Jenny McCarthy has kind of grown on me. I must be mellowing with age, but whenever she’s on The View — I know, I KNOW, but the squabbling is sort of addictive — she usually makes me laugh, and I dig the blonde bob she’s been working lately. Her coif is a foul temptress, the kind of hair that cruelly entices me to consider chopping mine off likewise, until I remember that it would end in tears because we have very different hair, so while she looks sleek and cool, I would look like Carrot Top.

Or sort of like this:

It’s not that the curly bob is so bad, actually. It’s just that this ENTIRE look feels ripped from Va-Va-Voom: The Jessica Simpson Story, about that awkward time when Jessica was so desperate for us all to LOVE HER that she over-bronzed and wore horrible curly short wigs that probably cost $1 and tight plunging necklines, to the point that if anyone asked you what color her eyes were, you’d say, “Uh… boobs.” (I know that sounds like every time with Jessica Simpson, but it is one PARTICULAR phase more than any other.) Jenny McCarthy deserves better than to make me think of Jessica Simpson when I look at her.

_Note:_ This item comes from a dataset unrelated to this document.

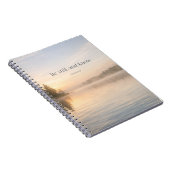 Be Still Christian Notebook Psalm 46:10 Scripture ノートブック (右側)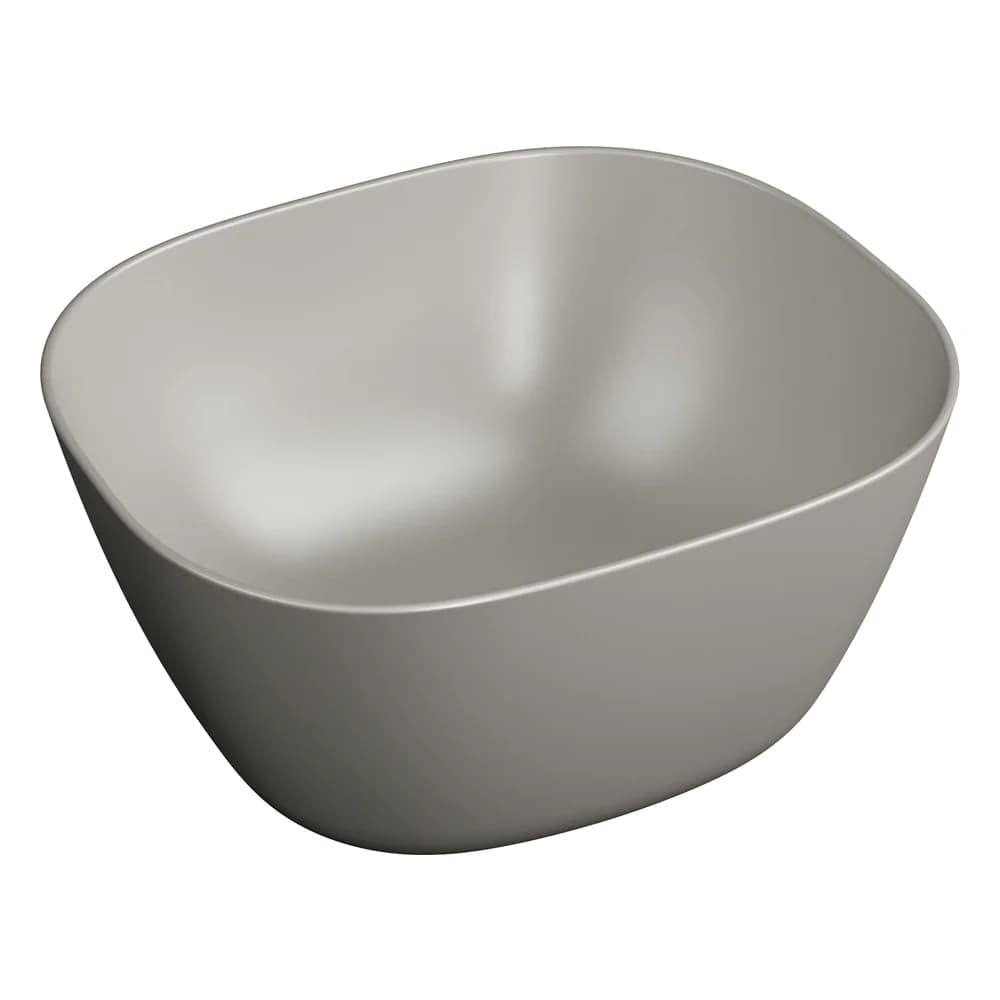 Vitra Plural 45 Cm Yüksek Kare Taupe Çanak Lavabo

And more than that, Jenny deserves better than to make me think she’s a hungry cougar. Seriously, I half expect her to announce that she’s spending the summer at the Catskills, where she’ll have rowdy sex and do the cha-cha with her hunky dance instructor during the week and then coo over Jim Carrey when he comes up for his weekend poker games. By which I mean, it’s retro in a creepy/desperate kind of way — you know, that special, “Nobody puts Baby in a corner, but they are more than welcome to put you there, and in fact, I would encourage it, especially because we all know Baby’s sister caught you in bed with her waiter boyfriend” aura.